Ensemble learning (集成学习) are machine learning methods that use an ensemble of (weak) statistical classifiers to obtain better predictive performance (stronger) than any constituent classifier.

Random forest

Bootstrap aggregating, aka bagging, is an ensemble learning meta-algorithm that combines models from bootstrapped training sets:

Given a standard training set D of size n, iterate m times:
1. Bootstrap a new training set \(D_i\) of size n′.
2. Fit learning algorithm to the bootstrapped training set.
Aggregate the m models by their mode (classification) or mean (regression).

An optimal number of trees m can be found using cross-validation or out-of-bag error: the mean prediction error on each training sample \(x_i\), using only the trees that did not have \(x_i\) in their bootstrap sample. The training and test error tend to level off after some number of trees have been fit.

Bagging decreases the variance of the model without increasing the bias, thus preventing overfit.

Random subspace method (feature bagging)

Random forest (随机森林) {Breiman2001} constructs multiple decision trees at training time and output the mode of the classes (for classification) or the mean prediction (for regression) given by individual trees.

Gradient Boosting

Boosting (提升方法) is an ensemble learning meta-algorithm that turns a weak learner into a strong learner. Boosting is sometimes synonymous to arcing (adaptive resampling and combining) Only algorithms that are provable boosting algorithms in the probably approximately correct learning formulation can accurately be called boosting algorithms.

Boosting algorithms can be interpreted as iterative functional gradient descent algorithms which optimize a convex cost function over function space (weak hypotheses/learners). Any boosting algorithm that fits into the AnyBoost framework in {Mason1999} is a gradient boosting algorithm (梯度提升).

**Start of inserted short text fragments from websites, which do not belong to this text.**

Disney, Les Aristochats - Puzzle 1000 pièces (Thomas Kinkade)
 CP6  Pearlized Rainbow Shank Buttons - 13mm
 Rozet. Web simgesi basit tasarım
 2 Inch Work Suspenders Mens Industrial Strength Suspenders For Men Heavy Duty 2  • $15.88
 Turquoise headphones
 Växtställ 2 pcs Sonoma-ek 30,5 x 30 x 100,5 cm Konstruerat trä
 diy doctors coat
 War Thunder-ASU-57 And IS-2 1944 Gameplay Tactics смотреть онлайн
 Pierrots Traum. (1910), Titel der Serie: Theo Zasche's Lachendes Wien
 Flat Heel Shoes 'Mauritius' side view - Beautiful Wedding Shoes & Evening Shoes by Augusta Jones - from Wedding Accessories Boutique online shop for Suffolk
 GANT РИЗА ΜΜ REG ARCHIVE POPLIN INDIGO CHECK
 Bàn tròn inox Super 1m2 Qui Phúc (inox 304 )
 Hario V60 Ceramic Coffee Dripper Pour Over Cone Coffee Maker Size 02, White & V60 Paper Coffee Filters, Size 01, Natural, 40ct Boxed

Problem: Given a training set {(x_i, y_i) | i = 1,…,n} and base learners {h_i(x) | i = 1,…,M}, find a learner F(x) in the linear function space generated by {1, h_1(x), …, h_M(x)} that optimizes the average value of a differentiable loss function L(y,F(x)) on the training set.

Base learners for gradient boosting are typically decision trees of a fixed size, especially classification and regression trees (CART), as they are fast.

Generic gradient boosting algorithm:

Initialize model with a constant function F_0(x) that minimizes average loss on the training set: \min_γ \sum_i L(y_i, γ).
Iterate m from 1 through M:
1. Compute pseudo-residuals, i.e. the negative gradient of loss function w.r.t. predictions on the training set: r_m = -∇_F L(y,F(x)) |_{(y_i, F_{m-1}(x_i)) | i=1,…,n}
2. Train base learner h_m(x) to pseudo-residuals {(x_i, r_{mi}) | i = 1,…,n}
3. Update model with the m-th base learner F_m(x) = F_{m−1}(x) + γ_m h_m(x): \min_γ \sum_i L(y_i, F_{m−1}(x) + γ h_m(x)).

xgboost is a gradient boosting algorithm.